- _What you should do_: Write out the listing exactly, dropping any picture it contains.

- _Data shown_:

"""

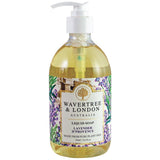 Australian Soapworks Wavertree & London Liquid Soap 16.9 oz. - Lavender D'Provence - FreeShippingAllOrders.com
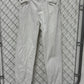 Vintage 90's Levi's 550 White Denim Relaxed Fit Tapered Leg Jeans Size 30x31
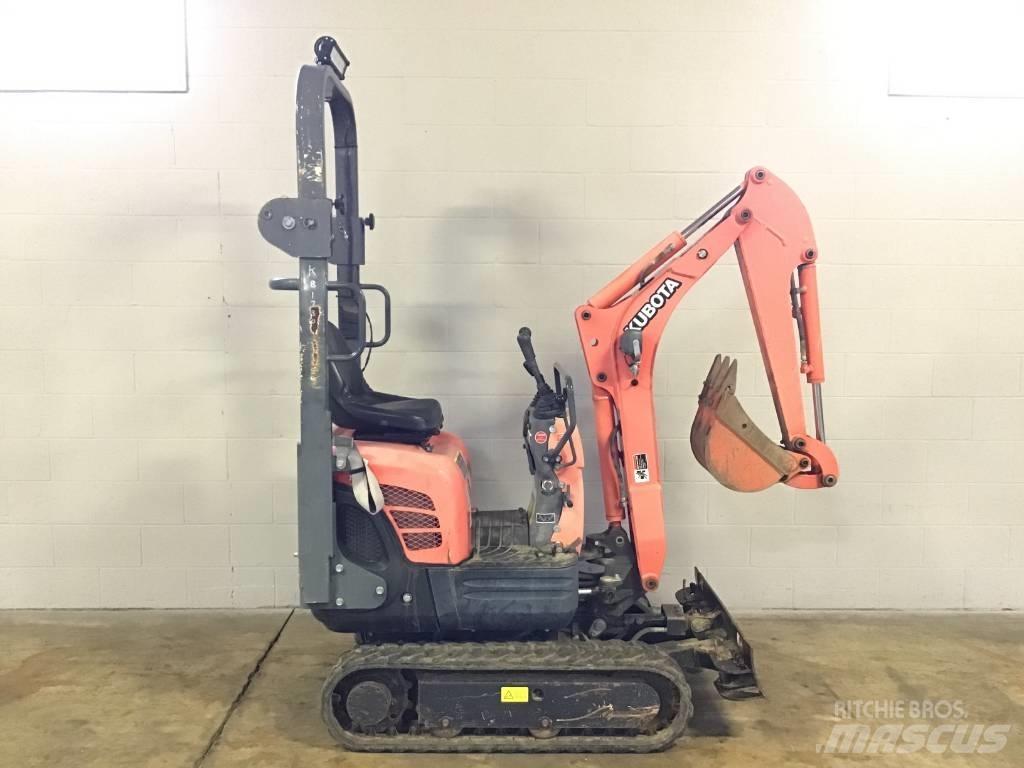 Kubota K 008-3 Minigravere <7t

"""

- _Answer to the exercise_:
 Australian Soapworks Wavertree & London Liquid Soap 16.9 oz. - Lavender D'Provence - FreeShippingAllOrders.com
 Vintage 90's Levi's 550 White Denim Relaxed Fit Tapered Leg Jeans Size 30x31
 Kubota K 008-3 Minigravere <7t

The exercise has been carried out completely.